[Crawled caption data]
————————
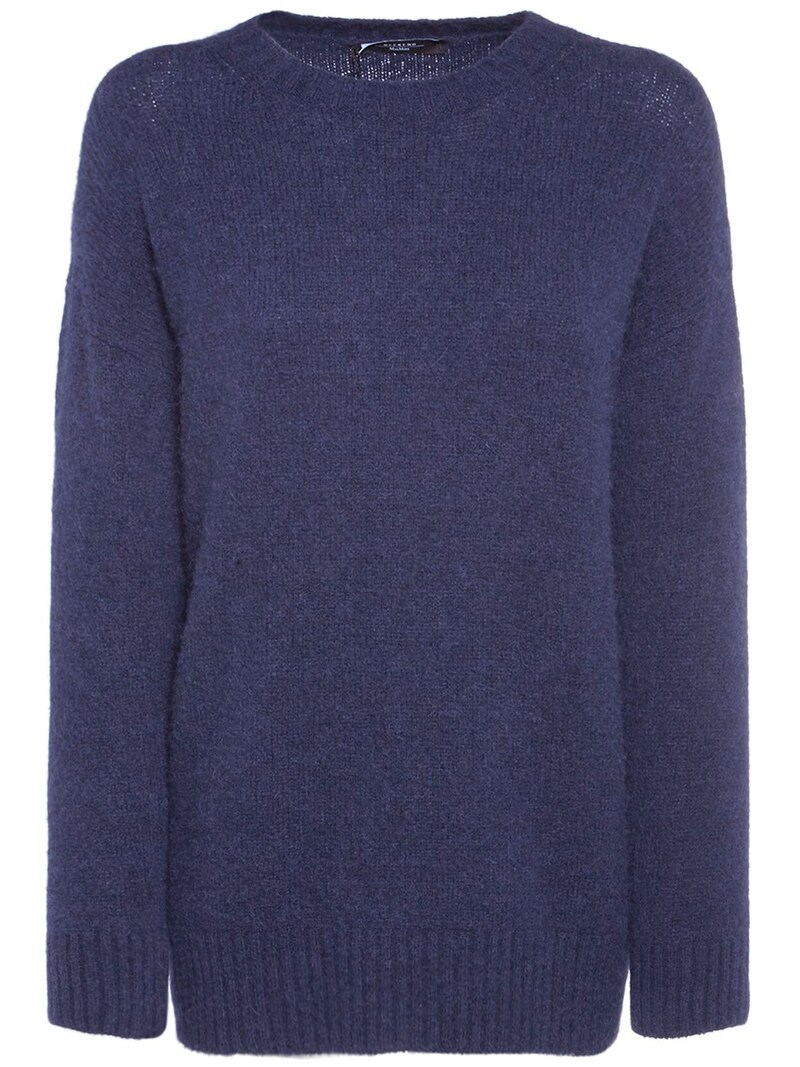 Xanadu alpaca blend crewneck sweater - Weekend Max Mara - Women ...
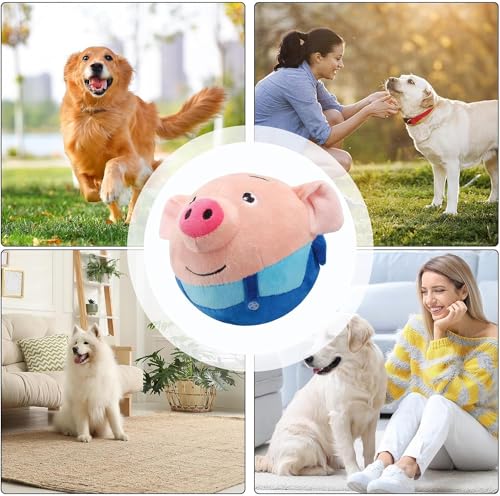 Interactive Plush Toy for Active Dogs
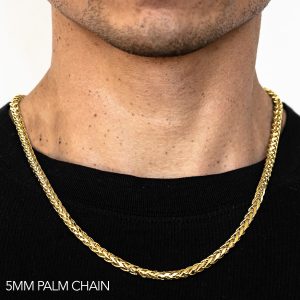14k 5mm Yellow Gold Palm 30"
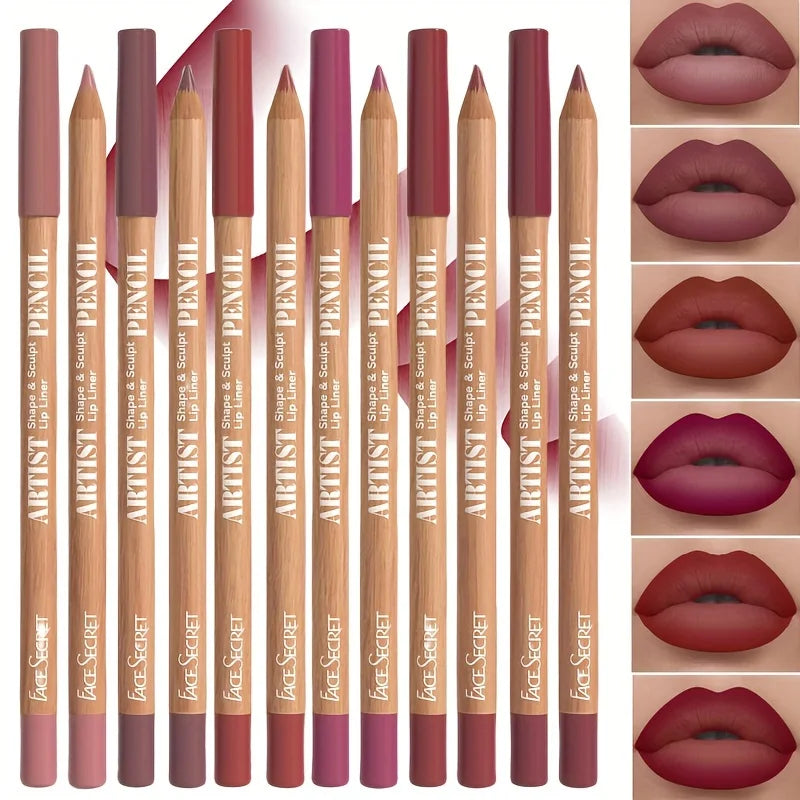 Velvet Matte Lip Definer Set: Long-Lasting Color for Every Mood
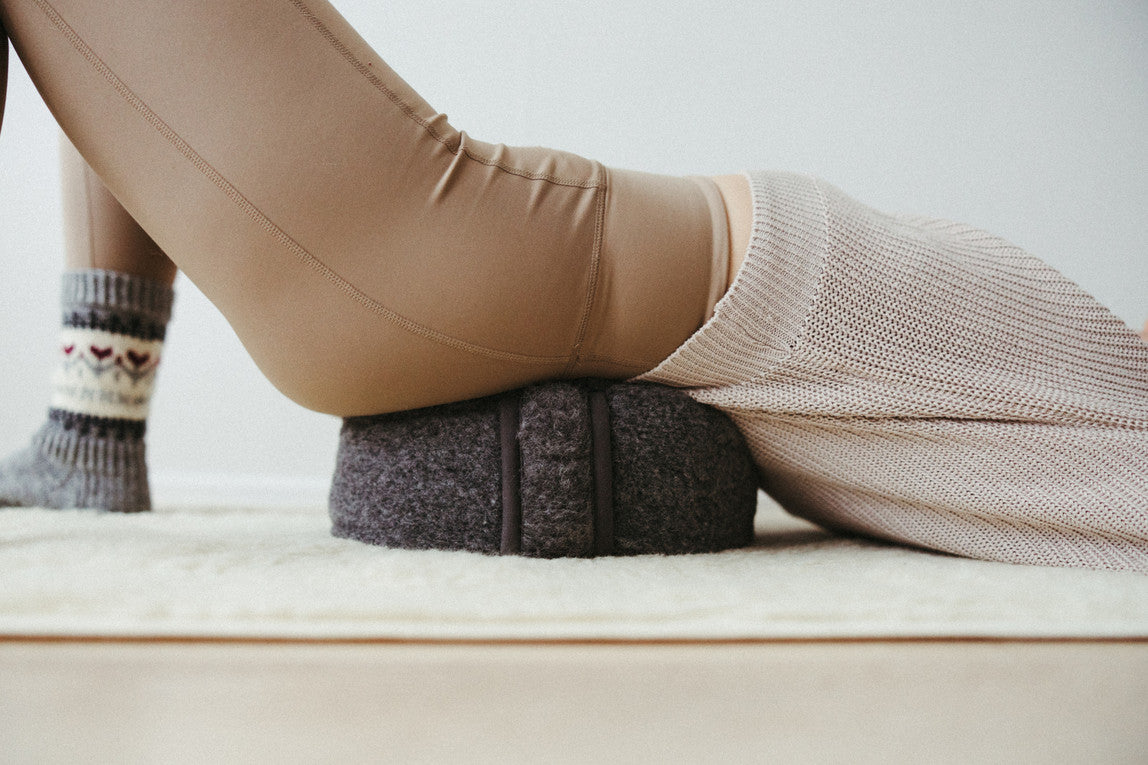 Wiano - SUMU gray yoga and meditation pillow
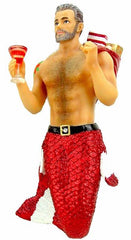 December Diamonds Santa Daddy Merman Ornament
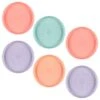 Simply Kids Colour Plates 6pk - Pastel -Home Decor Store 398569 6pk simply kids colour plates girls 2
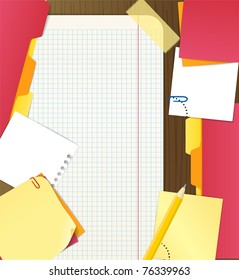 Background of an office stuff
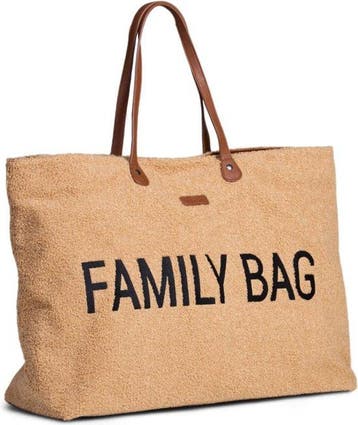 Childhome - FAMILY BAG VERZORGINGSTAS - Teddy Bruin, Kinderen en Baby's, Luiertassen, Verzenden, Nieuw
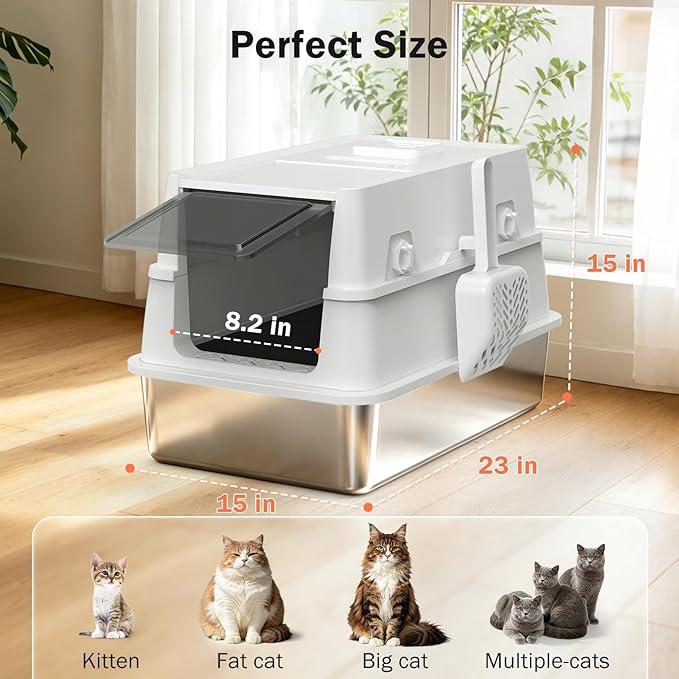 Stainless Steel Litter Box - Image 6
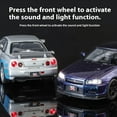 thumbnail image 5 of 1:32 GTR R34 Skyline Supercar Alloy Metal Diecast Car Model Sound & Light Collection of Hobby Models Trendy Ornament Gift, 5 of 10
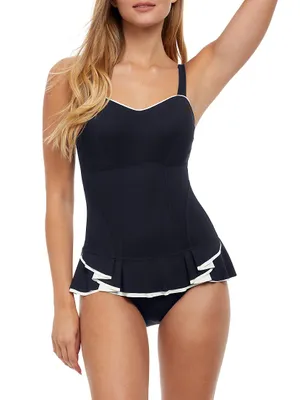 Belle Curve D-Cup One-Piece Swimsuit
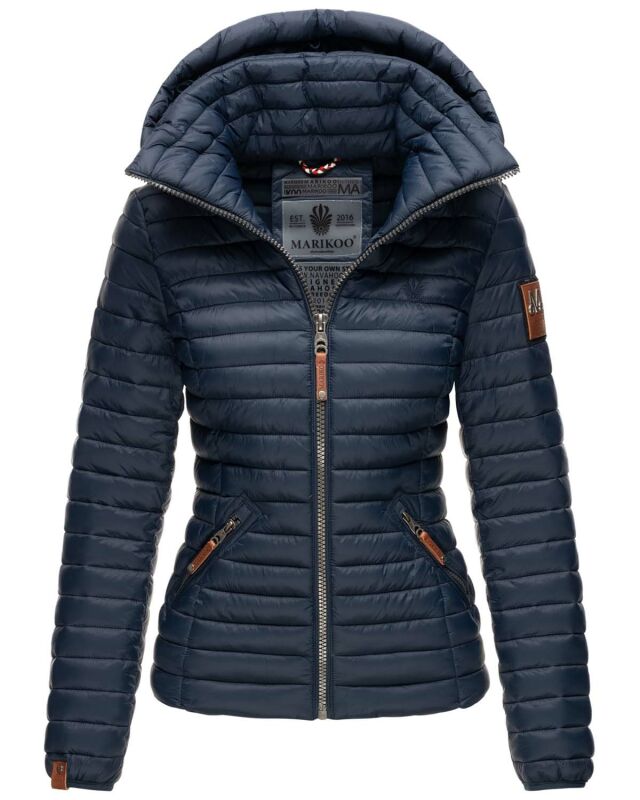 Marikoo Löwenbaby leichte Damen Steppjacke B839 Navy Größe M - Gr. 38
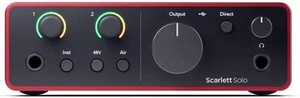 Scarlett Solo 4th Gen interface audio USB pour la guitare les voix et la prod... - Afbeelding 1 van 8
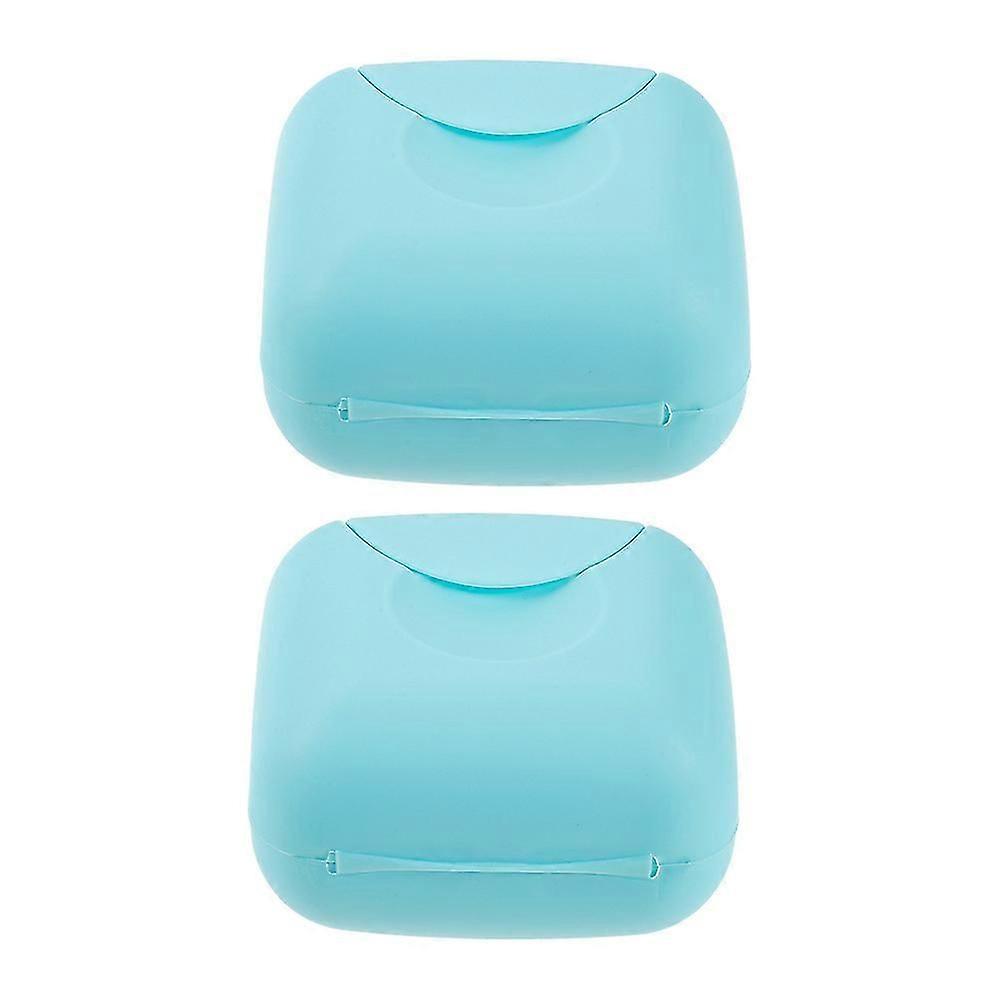 Plastic Storage Box Protective Case for Storage 10Pcs Blue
————————
Give again the stretch of the entries above that begins at the line with "Simply Kids Colour Plates 6pk" and ends at the line with "Stainless Steel Litter Box - Image 6", word for word, with no pictures.

 Simply Kids Colour Plates 6pk - Pastel -Home Decor Store 398569 6pk simply kids colour plates girls 2
 Background of an office stuff
 Childhome - FAMILY BAG VERZORGINGSTAS - Teddy Bruin, Kinderen en Baby's, Luiertassen, Verzenden, Nieuw
 Stainless Steel Litter Box - Image 6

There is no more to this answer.